Il dispose néanmoins de certains atouts. Il véhicule un idéal – la libre circulation de l’information – dont il faut remarquer que, quoi qu’on en pense sur le fond, il s’est indéniablement trouvé renforcé, sur le plan des représentations collectives comme de ses possibilités concrètes de réalisation, par l’essor d’Internet. Il a par ailleurs développé des outils juridiques (General Public License et autres « licences libres »), des modes d’organisation (les différentes formes de collaboration distribuée) et des modes d’engagement militant (le « lobbying citoyen »), qui font de son utopie non pas un discours déconnecté de formes effectives de réalisation, mais une véritable utopie concrète.
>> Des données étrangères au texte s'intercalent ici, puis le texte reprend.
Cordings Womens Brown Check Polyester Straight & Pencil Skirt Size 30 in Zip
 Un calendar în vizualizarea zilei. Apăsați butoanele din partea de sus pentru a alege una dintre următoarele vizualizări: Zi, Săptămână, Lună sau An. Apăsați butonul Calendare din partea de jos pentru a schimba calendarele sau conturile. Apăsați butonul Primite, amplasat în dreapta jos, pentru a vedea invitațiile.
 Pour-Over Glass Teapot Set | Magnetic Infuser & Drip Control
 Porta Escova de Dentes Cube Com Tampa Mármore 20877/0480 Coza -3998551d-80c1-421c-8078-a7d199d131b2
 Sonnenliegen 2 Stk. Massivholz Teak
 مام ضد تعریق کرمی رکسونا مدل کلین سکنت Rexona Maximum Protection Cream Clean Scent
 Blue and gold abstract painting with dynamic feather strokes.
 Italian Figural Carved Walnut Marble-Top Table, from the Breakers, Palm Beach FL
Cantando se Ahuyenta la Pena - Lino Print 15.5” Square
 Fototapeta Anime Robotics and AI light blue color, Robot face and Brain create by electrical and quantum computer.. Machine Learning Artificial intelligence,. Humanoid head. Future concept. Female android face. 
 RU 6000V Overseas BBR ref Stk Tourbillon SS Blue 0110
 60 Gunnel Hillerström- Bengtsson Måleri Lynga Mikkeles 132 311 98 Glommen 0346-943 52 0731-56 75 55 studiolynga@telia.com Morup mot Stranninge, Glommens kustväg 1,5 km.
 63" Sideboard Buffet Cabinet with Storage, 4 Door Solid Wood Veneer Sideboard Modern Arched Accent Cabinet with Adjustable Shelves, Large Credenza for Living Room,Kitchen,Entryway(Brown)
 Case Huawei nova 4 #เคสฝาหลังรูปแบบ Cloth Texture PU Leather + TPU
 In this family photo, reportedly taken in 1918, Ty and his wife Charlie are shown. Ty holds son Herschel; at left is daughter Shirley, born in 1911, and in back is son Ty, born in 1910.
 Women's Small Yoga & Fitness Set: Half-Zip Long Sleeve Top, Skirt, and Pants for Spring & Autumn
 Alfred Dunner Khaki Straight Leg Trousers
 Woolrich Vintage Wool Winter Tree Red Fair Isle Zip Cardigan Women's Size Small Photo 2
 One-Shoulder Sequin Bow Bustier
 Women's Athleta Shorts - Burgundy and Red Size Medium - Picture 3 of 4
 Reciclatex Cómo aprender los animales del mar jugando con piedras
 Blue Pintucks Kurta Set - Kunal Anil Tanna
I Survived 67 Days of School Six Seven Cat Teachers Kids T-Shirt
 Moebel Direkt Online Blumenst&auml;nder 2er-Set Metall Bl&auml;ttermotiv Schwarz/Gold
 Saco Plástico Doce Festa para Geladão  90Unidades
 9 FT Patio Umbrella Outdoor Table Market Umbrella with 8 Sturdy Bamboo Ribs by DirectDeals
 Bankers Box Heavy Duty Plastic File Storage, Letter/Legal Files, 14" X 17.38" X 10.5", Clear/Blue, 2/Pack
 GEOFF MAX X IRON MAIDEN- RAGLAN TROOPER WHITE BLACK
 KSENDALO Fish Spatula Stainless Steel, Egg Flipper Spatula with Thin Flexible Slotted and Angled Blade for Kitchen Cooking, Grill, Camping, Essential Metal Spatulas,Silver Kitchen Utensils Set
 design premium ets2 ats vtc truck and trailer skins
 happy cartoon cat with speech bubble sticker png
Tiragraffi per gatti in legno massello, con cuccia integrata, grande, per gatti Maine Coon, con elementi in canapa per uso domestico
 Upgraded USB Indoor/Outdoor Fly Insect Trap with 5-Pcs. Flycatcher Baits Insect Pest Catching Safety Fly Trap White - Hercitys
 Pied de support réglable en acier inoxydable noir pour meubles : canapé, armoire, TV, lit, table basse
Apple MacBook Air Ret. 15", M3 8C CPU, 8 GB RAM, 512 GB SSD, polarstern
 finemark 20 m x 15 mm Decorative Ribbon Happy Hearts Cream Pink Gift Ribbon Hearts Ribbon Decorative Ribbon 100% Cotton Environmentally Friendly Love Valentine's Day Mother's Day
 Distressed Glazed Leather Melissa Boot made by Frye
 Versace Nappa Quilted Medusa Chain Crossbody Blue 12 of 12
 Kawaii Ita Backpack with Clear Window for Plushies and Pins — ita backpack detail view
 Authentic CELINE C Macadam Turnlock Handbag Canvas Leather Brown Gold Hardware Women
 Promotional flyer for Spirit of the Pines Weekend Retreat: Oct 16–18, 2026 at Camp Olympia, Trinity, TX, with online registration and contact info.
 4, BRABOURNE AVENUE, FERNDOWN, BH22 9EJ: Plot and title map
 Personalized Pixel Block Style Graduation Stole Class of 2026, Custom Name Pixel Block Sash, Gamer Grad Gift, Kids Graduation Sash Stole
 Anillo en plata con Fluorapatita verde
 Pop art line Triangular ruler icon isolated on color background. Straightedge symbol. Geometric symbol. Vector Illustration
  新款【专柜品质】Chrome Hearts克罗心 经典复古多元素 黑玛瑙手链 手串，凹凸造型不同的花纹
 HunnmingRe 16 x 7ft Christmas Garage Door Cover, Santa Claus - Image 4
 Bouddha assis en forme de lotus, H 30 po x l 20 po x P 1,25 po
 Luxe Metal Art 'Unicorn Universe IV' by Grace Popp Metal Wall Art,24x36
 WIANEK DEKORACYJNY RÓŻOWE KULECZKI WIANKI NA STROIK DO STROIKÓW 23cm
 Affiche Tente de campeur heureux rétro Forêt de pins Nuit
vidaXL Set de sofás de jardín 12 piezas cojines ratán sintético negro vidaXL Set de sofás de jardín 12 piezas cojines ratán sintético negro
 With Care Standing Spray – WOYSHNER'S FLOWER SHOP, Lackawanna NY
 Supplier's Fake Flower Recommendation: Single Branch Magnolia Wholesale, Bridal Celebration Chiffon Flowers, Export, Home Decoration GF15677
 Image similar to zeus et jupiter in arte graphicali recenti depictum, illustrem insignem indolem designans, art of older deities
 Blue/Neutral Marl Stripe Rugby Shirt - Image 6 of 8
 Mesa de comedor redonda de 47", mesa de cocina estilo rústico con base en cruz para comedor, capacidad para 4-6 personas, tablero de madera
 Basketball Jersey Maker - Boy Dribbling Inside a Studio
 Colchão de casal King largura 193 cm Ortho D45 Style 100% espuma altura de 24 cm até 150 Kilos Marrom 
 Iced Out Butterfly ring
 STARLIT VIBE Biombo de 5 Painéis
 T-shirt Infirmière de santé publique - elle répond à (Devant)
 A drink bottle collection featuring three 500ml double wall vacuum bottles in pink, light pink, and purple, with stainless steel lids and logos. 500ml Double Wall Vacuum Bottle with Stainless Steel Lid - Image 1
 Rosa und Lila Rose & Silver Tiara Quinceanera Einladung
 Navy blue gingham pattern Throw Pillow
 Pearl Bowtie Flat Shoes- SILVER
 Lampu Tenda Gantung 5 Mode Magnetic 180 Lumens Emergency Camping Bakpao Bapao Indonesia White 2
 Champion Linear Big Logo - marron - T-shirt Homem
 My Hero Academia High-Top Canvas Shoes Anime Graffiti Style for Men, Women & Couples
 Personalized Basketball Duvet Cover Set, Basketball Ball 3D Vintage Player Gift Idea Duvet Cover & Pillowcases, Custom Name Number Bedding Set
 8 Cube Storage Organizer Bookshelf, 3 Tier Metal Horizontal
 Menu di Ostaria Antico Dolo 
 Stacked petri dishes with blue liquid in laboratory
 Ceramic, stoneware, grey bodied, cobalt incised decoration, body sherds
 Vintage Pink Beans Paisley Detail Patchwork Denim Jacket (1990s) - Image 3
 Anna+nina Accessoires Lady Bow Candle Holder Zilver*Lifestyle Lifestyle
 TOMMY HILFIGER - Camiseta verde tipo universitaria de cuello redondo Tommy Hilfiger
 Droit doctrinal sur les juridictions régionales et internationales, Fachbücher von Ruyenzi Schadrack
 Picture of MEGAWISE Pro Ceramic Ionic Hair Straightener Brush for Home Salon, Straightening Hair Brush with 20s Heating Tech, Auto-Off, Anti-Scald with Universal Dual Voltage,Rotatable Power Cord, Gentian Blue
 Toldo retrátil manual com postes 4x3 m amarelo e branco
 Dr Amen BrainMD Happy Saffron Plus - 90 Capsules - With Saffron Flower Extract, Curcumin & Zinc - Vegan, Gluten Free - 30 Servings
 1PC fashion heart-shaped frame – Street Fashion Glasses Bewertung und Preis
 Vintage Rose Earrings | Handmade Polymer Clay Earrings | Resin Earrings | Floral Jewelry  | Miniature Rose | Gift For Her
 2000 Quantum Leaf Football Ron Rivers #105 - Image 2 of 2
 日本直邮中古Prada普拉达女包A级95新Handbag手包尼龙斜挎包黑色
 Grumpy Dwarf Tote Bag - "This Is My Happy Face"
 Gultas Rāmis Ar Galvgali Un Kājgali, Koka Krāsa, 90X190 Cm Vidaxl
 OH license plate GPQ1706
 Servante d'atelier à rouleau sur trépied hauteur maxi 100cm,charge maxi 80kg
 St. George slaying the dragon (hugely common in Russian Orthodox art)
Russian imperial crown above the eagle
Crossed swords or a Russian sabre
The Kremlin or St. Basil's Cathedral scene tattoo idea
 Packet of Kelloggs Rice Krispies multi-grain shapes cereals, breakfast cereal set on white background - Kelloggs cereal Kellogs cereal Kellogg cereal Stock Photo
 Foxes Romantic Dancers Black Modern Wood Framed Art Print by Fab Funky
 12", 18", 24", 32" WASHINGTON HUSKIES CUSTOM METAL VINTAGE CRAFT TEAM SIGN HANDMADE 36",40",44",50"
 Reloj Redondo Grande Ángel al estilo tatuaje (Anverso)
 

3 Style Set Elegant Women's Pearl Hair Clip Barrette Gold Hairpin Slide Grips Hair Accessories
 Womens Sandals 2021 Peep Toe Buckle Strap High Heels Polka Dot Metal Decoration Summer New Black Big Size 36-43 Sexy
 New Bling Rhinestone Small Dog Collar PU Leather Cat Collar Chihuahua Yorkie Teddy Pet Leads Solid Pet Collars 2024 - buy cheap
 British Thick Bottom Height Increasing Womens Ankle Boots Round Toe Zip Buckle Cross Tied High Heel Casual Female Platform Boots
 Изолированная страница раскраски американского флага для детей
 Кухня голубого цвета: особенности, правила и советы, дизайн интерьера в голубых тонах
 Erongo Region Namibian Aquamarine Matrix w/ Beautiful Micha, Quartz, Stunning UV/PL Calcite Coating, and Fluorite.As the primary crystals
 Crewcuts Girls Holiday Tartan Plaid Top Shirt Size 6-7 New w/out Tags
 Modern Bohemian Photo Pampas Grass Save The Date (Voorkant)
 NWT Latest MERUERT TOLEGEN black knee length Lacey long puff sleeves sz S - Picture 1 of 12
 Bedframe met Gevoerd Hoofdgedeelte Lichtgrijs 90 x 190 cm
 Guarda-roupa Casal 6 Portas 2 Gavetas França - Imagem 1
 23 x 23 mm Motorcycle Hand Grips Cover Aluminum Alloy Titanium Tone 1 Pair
L’objet des pages suivantes sera donc d’examiner dans quelle mesure le pari de l’utopie peut être tenu, lorsque le mouvement du logiciel libre ne renvoie plus tant à des programmes informatiques d’un type particulier, qu’à la recherche d’alternatives à la société qui l’a vu naître. On essaiera ainsi d’éprouver le slogan qui, lors des grands rassemblements du logiciel libre, s’affiche sur les t-shirts de nombreux hackers, « Free Software, Free Society », tout en essayant de préciser à quoi une telle « société libre » pourrait bien ressembler.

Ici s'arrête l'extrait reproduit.